Work required: After finding the line that holds "PINK sweats - Picture 1 of 5" below, set down that line and the rest through the final one exactly, leaving the pictures out.

Recorded information:
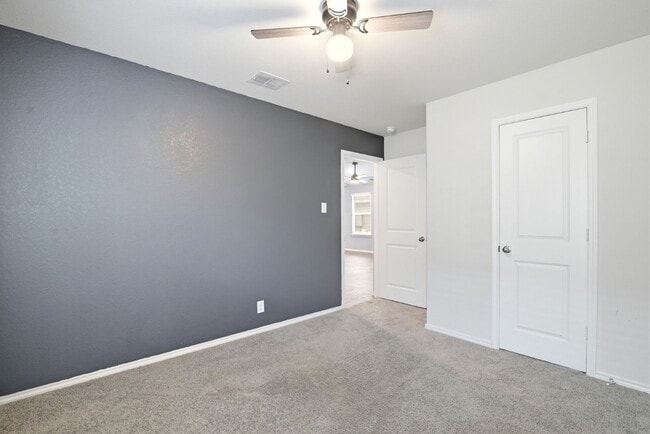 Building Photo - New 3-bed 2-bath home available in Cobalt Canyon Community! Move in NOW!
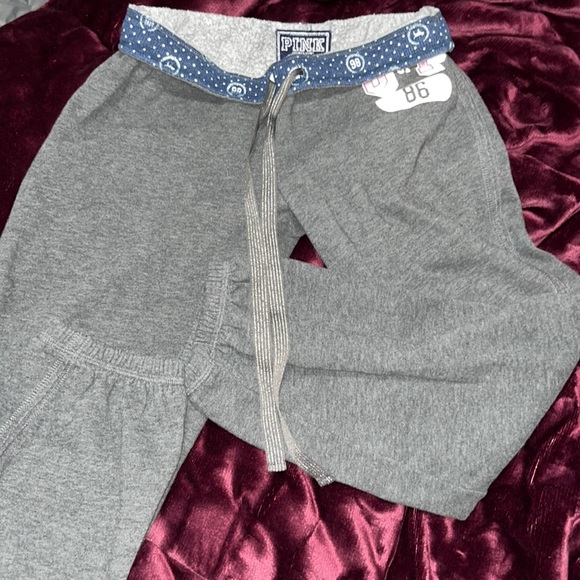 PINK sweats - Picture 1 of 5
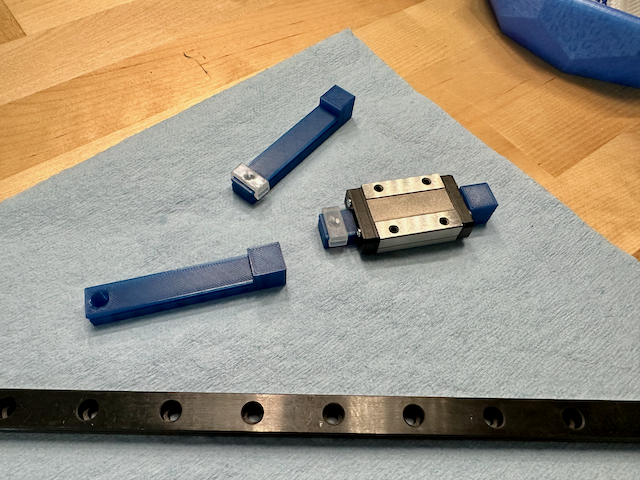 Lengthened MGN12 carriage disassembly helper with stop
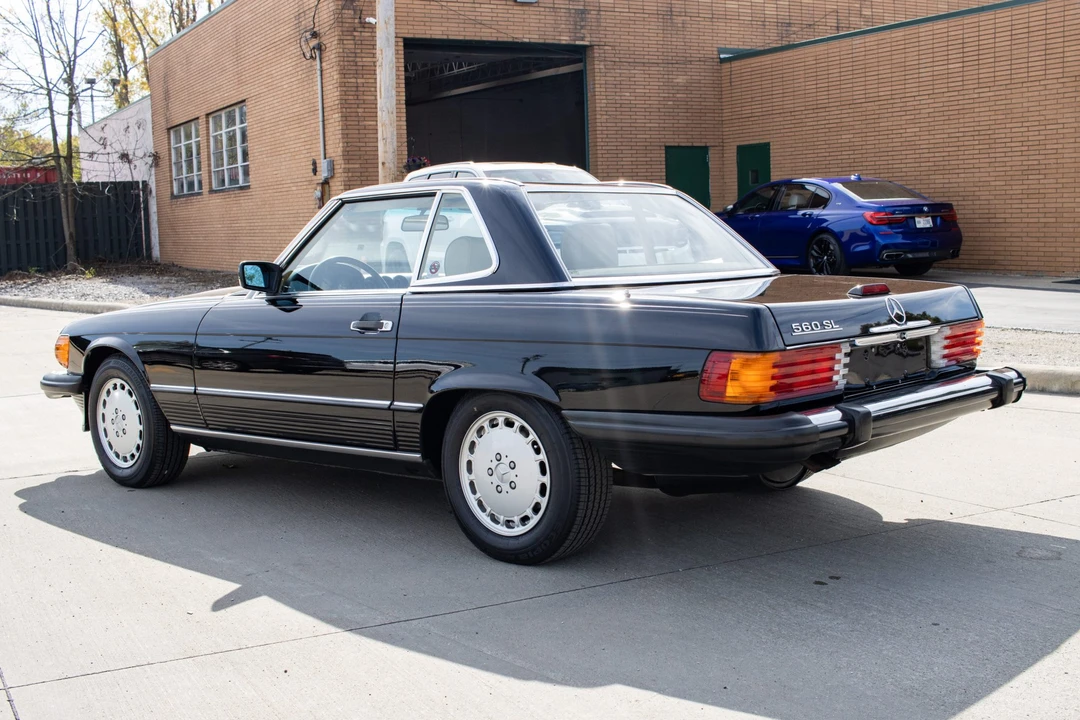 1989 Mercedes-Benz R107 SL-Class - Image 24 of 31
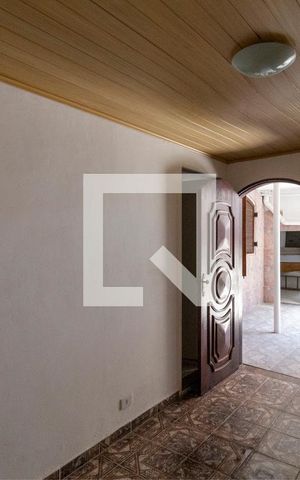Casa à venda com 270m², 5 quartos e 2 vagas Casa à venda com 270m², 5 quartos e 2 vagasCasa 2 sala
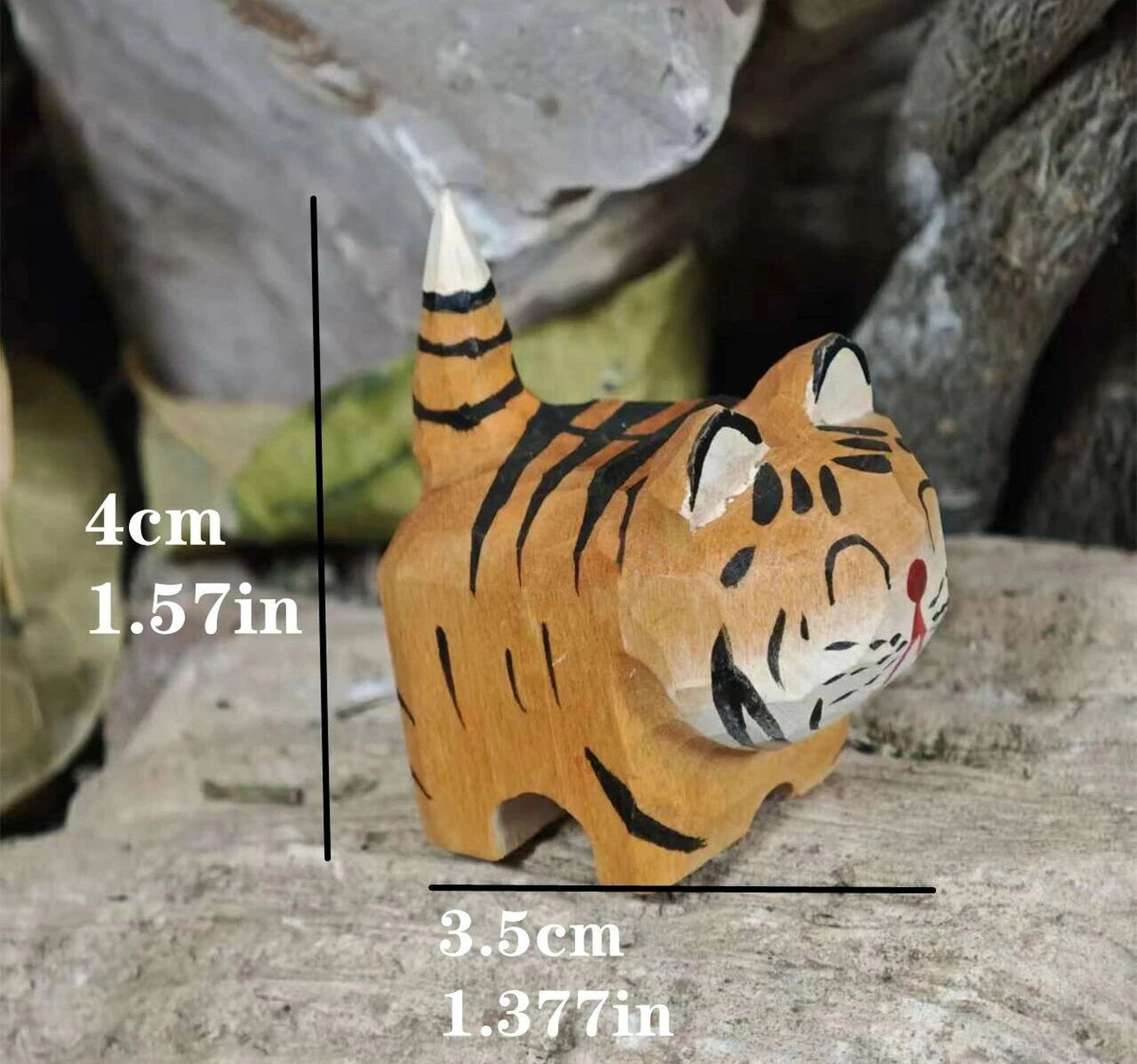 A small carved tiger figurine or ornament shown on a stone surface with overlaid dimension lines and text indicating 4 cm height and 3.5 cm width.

Exercise output:
 PINK sweats - Picture 1 of 5
 Lengthened MGN12 carriage disassembly helper with stop
 1989 Mercedes-Benz R107 SL-Class - Image 24 of 31
Casa à venda com 270m², 5 quartos e 2 vagas Casa à venda com 270m², 5 quartos e 2 vagasCasa 2 sala
 A small carved tiger figurine or ornament shown on a stone surface with overlaid dimension lines and text indicating 4 cm height and 3.5 cm width.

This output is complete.